Physical characteristics
- • location: Mount Baigura
- • location: Adour
- • coordinates: 43°29′50″N 1°17′37″W﻿ / ﻿43.49722°N 1.29361°W
- Length: 48 km (30 mi)

Basin features
- Progression: Adour→ Atlantic Ocean

= Aran (river) =

The Aran (/fr/), from Basque Harana, is a left tributary of the Adour, in the French Basque Country, in Aquitaine, Southwest France. It is 48.4 km long.

The river is also known as the Joyeuse, which is also the name of a tributary of the Bidouze.

== Geography ==
The Aran rises on the northern side of the Baigura in Hélette. It flows between the Zihorri and Atezain, collects in Mendionde waters from Macaye, flows by the former castle of Garro, Bonloc, La Bastide-Clairence and the abbey of Belloc before joining the Adour at Port du Vern, below Urt. There, boats named Galupe, Gabarre and Couralin, were used for the carriage of stones or cattle, and today still, by fishermen.

The Aran shelters a rich ecosystem where can be found pikes, carps, zanders, eels, plaices, shads, lampreys, mullets and seabasses as well as, in season, salmons and elvers.

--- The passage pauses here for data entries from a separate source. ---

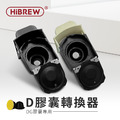 【HiBREW 小醇萃】冷熱雙萃四合一膠囊咖啡機 NK-514R 專用D膠囊轉換器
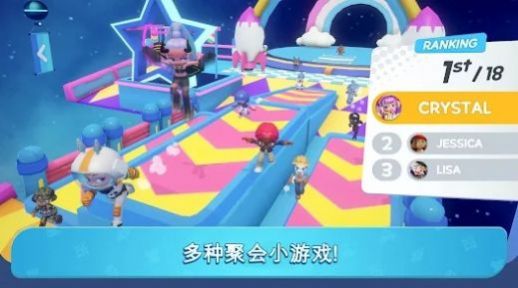 生活托邦派对(Livetopia Party!)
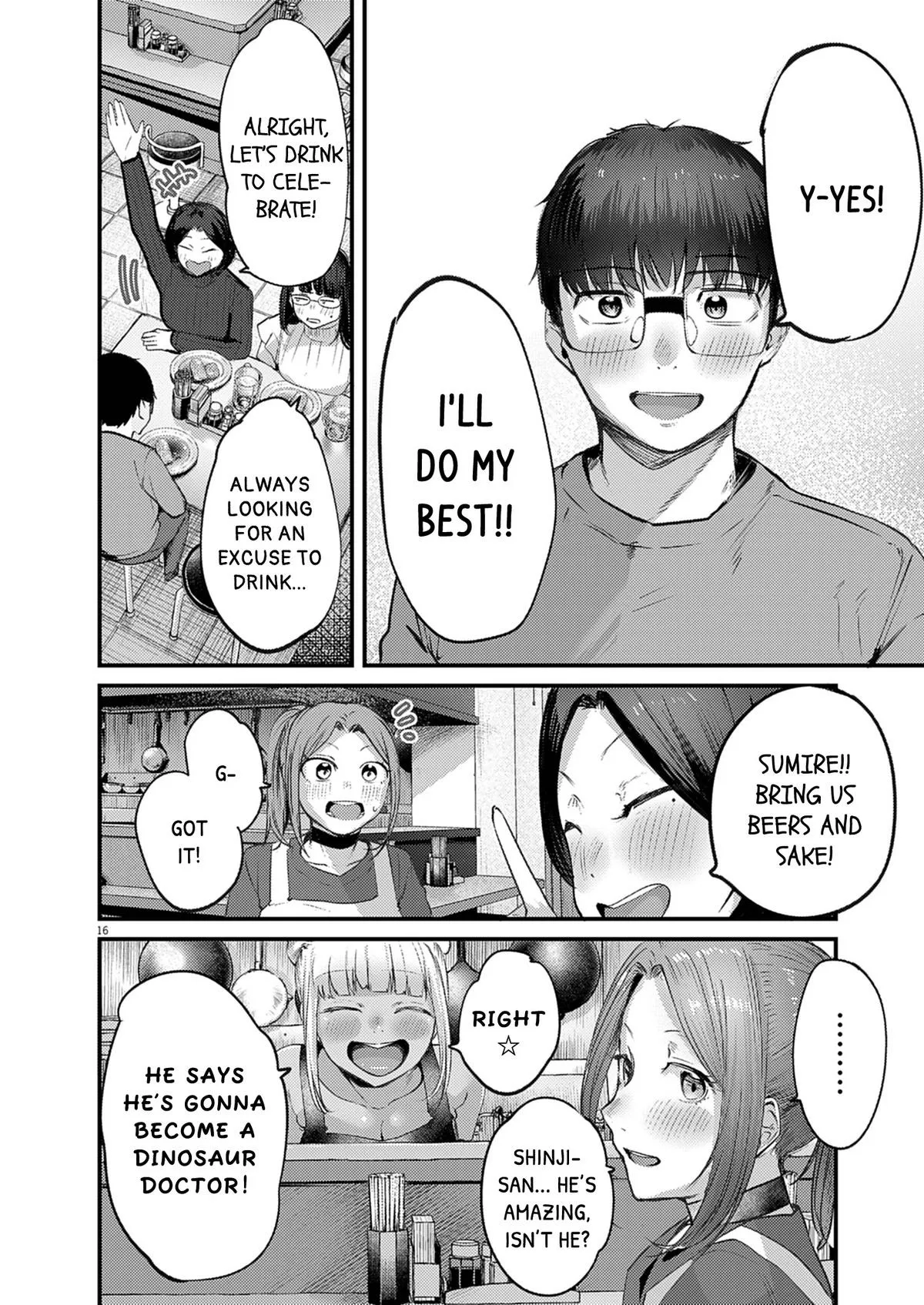 Renge to Naru to! Chapter 52 page 16 - 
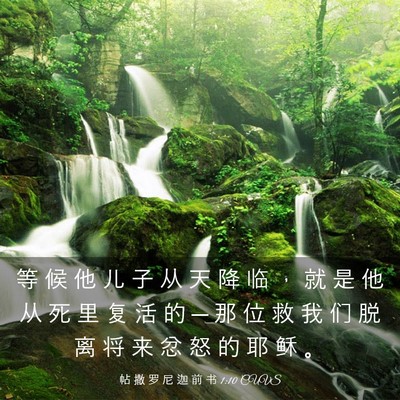 Picture 03 - 帖 撒 罗 尼 迦 前 书 1:10 CUVS - 等 候 他 儿 子 从 天 降 临 ， 就 是 - Bible Verse Picture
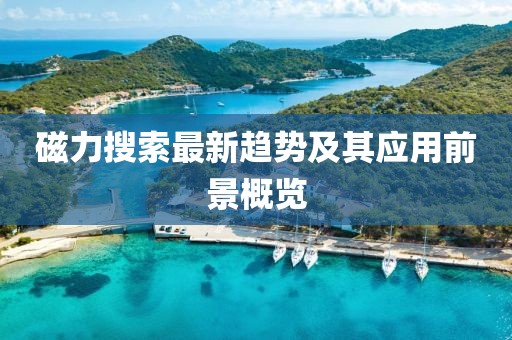 橘虞初梦 第3页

== Départements and towns ==

- Pyrénées-Atlantiques: Hélette, Mendionde, Bonloc, Ayherre, La Bastide-Clairence, Urt

== Main tributaries ==
- Aphara or Joyeuse from Ayherre
- Mendialtzu or Zuhi Handia, from the confluence of:
  - Marmareko erreka
  - Hazketa

== Name ==
The name Aran proceeds from the Basque word haran(a) which means "(the) valley".